Students in Tracie Surridge's third-grade classroom at Burke Town School spent an afternoon with an amazing woman on Oct. 28. The students have been studying Burke History and how life in Vermont has changed. How better to learn these lessons than from someone who has lived 101 years of change. Lida Surridge (grandmother of Tracie Surridge's husband, Arnold) spent an hour talking about her life and answering questions that the children had about her life.

Questions about school, chores, houses and transportation topped the list. Children were amazed that there were no flush toilets and that someone had to "clean out" under the back house bathroom at the school and that they really did use catalog pages for toilet paper. It took a little while to get them to understand that there was no "porta potty" cleaning truck that came and sucked out the waste!

Another story that amazed the students was of Lida out picking berries and hearing a loud noise coming through the trees. They thought it was a jeep but it turned out to be a plane flying overhead. They had no idea what that was. "We didn't know such a thing even existed. We found out the next time we went to town and asked."

Lida grew up in Mud Hollow in Kirby. She told of going to get married in Lyndonville and riding the 8 miles in a wagon in January at 40 below. Stories of doing laundry by hand, attending a one-room schoolhouse that was smaller than the third-grade classroom and that there was no playground equipment at her school, were shared. She and her husband, George, raised 8 kids and farmed much of their lives.

"Gram Surridge" as all the kids call her is somewhat of a "rock star" with the students at Burke Town School. Many of them have met her at bingo in Burke, at Lyndonville fair tractor pulls, enjoying an ice cream at Ruby Lee's while out riding with Tracie Surridge or through the many stories Tracie has shared with them. The students have made cards for her birthday for the past two years and wrote thank you letters to her for her most recent trip to their classroom. Gram loved these letters as the kids told her which stories they liked best -- many were the bathroom stories!

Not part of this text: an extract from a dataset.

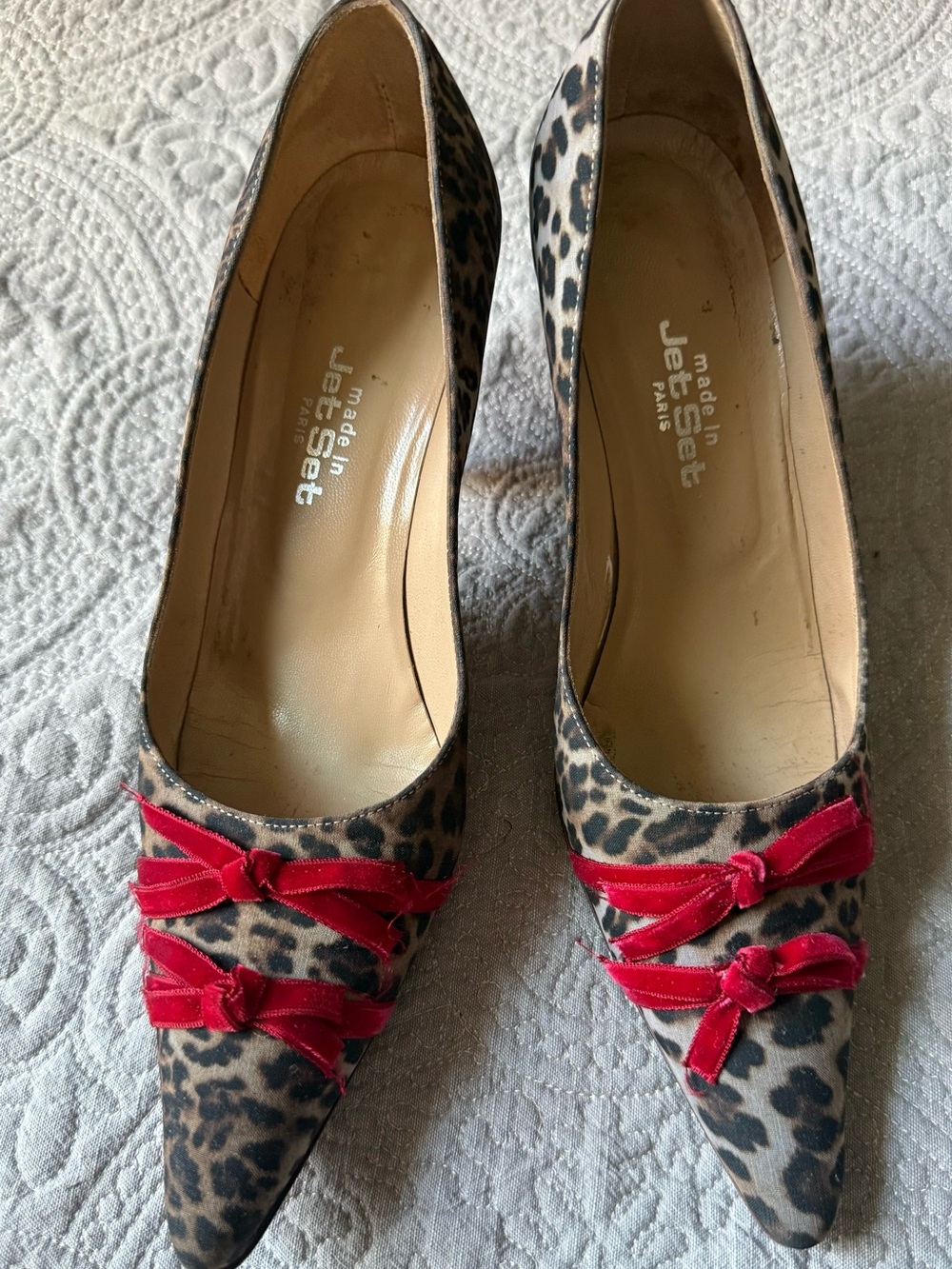 Vintage JET SET PARIS Leopard Print Pointed Toe Flats with Red Velvet Bows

"It's an honor to be here with you today." she started out. Lida had always wanted to be a teacher but circumstances in her life didn't allow her to continue past the eighth grade. On this special day, she got her wish and there was no doubt in the end that Gram Surridge had been a teacher!

"I'll come back whenever you want." she told principal, Stacy Rice at the meet and greet with staff after school was over.